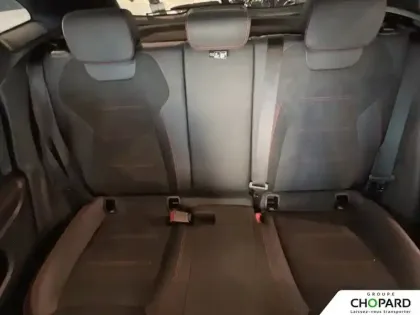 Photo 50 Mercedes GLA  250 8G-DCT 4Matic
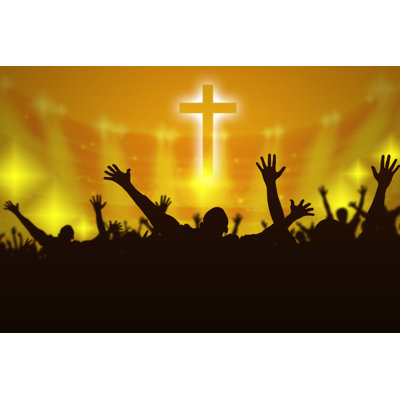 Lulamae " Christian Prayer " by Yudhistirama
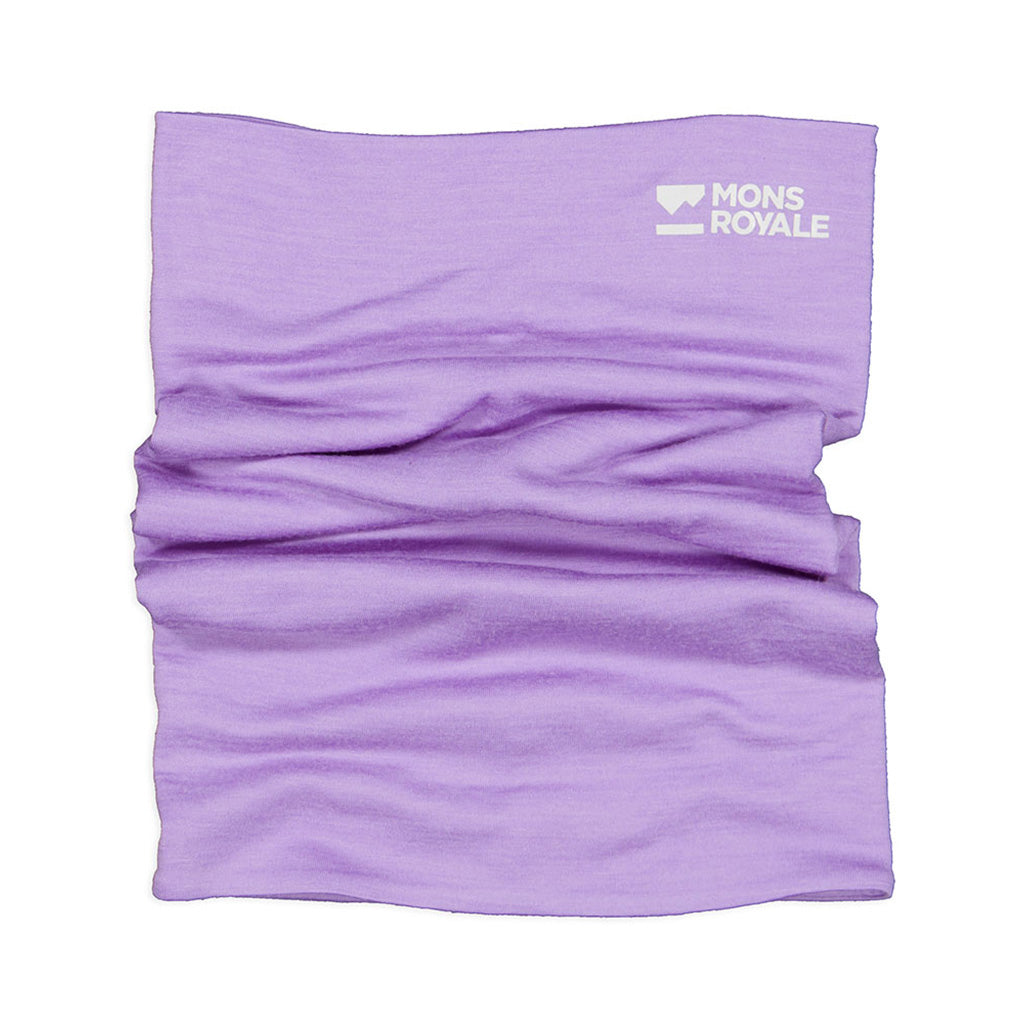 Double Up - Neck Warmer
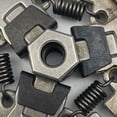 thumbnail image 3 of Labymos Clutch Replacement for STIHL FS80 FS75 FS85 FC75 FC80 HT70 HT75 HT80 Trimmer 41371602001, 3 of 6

Work item: Each line from the one containing "Double Up - Neck Warmer" to the final line of the data must be printed exactly, both included, with nothing else and no pictures.

Response box:
 Double Up - Neck Warmer
 thumbnail image 3 of Labymos Clutch Replacement for STIHL FS80 FS75 FS85 FC75 FC80 HT70 HT75 HT80 Trimmer 41371602001, 3 of 6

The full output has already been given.